Exercise goal: In the records below, find the line with "Antiquités - Large" and the line with "For sale 10". Print both exactly, along with every line between them, and no other line.

Source data:
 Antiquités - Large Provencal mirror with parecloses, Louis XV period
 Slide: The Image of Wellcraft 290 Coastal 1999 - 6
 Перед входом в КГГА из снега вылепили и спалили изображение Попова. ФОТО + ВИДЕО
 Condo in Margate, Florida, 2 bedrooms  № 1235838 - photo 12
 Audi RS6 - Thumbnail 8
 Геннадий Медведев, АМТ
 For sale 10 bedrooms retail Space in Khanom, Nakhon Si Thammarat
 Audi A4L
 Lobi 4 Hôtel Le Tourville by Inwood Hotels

==

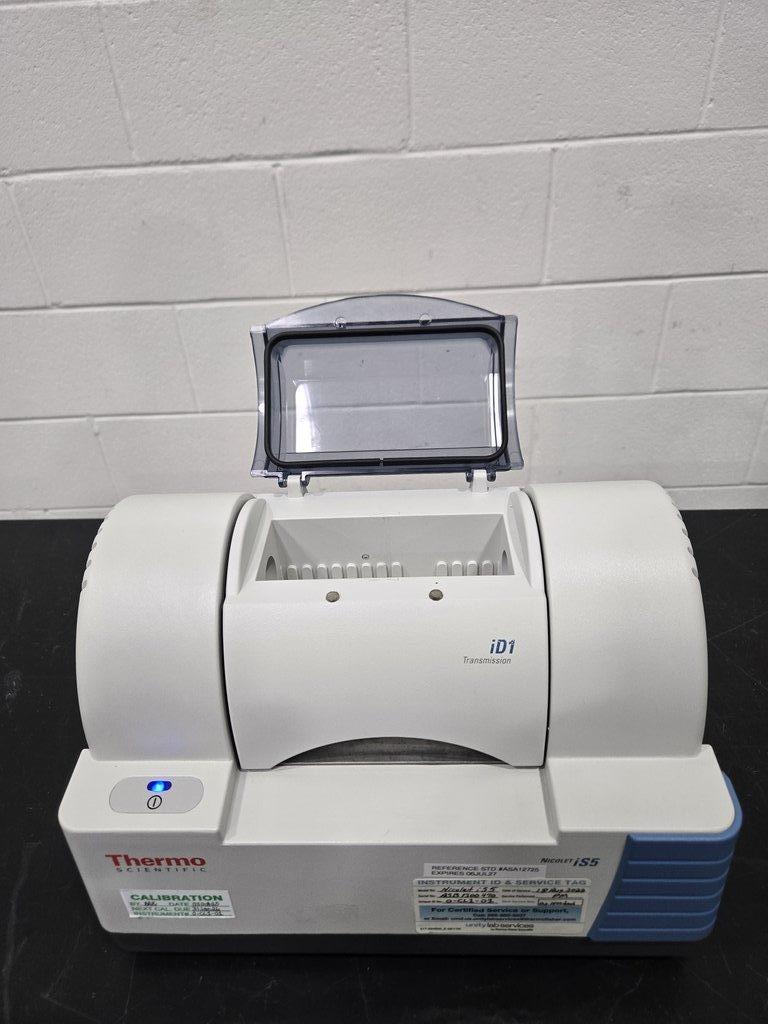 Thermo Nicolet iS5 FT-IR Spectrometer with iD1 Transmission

---

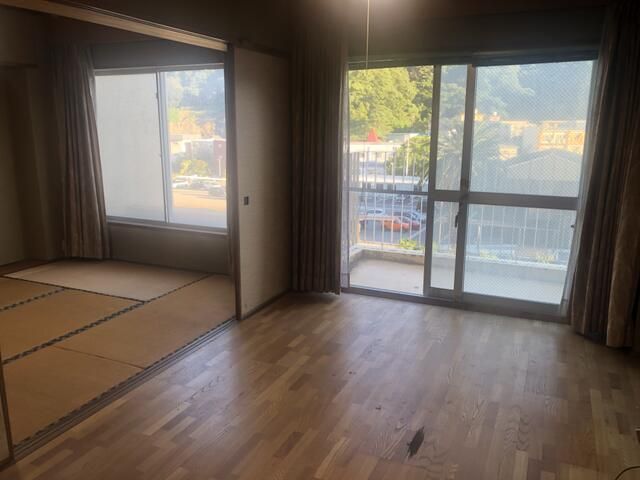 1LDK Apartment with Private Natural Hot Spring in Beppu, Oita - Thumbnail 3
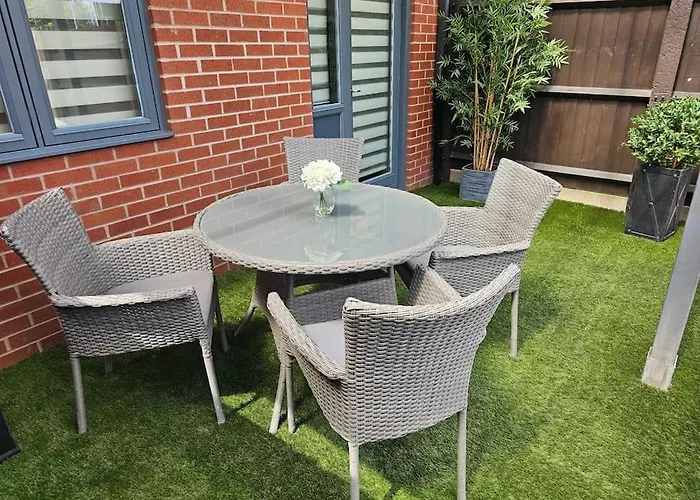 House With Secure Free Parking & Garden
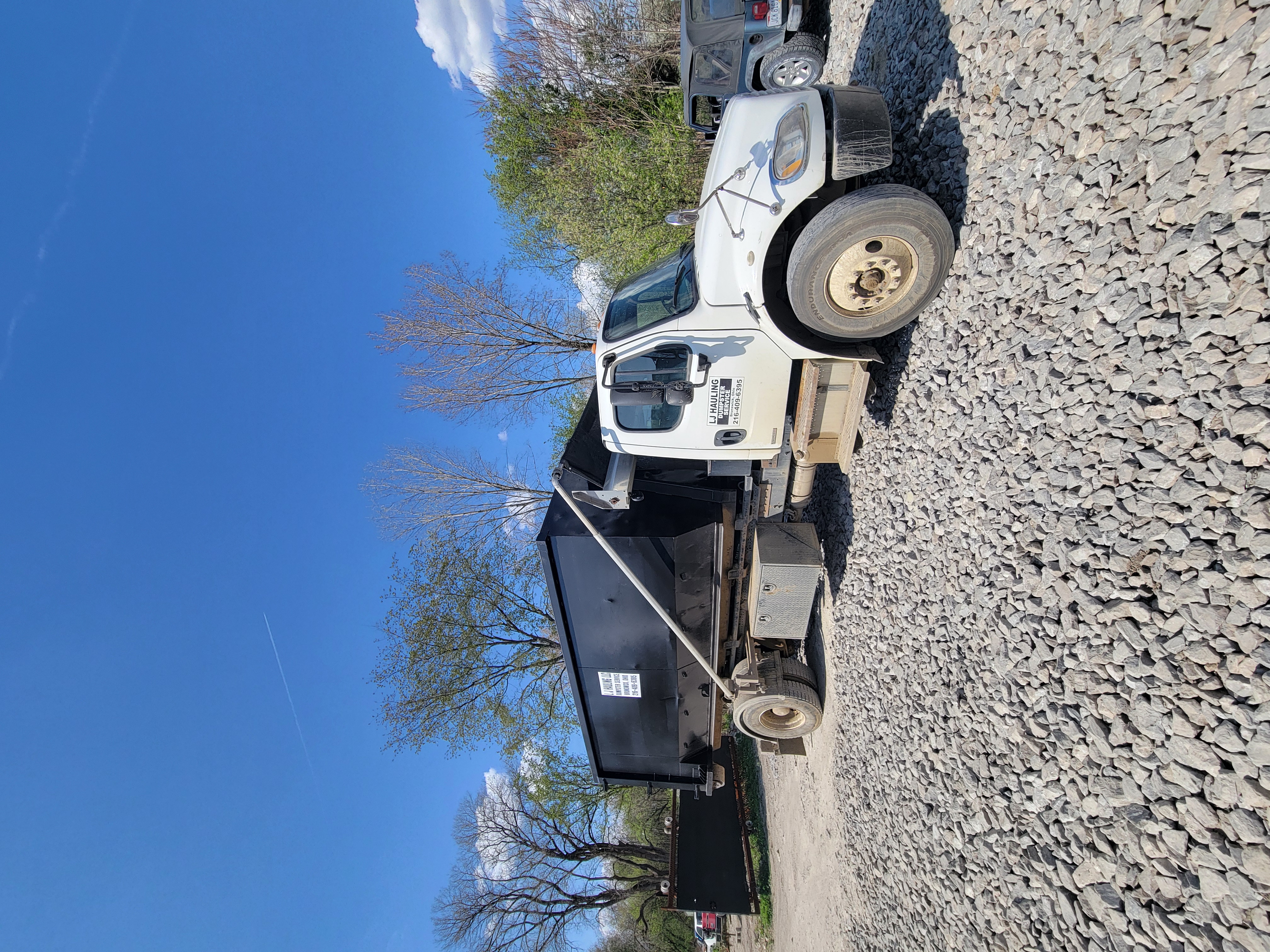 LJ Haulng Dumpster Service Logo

Your response:
 Antiquités - Large Provencal mirror with parecloses, Louis XV period
 Slide: The Image of Wellcraft 290 Coastal 1999 - 6
 Перед входом в КГГА из снега вылепили и спалили изображение Попова. ФОТО + ВИДЕО
 Condo in Margate, Florida, 2 bedrooms  № 1235838 - photo 12
 Audi RS6 - Thumbnail 8
 Геннадий Медведев, АМТ
 For sale 10 bedrooms retail Space in Khanom, Nakhon Si Thammarat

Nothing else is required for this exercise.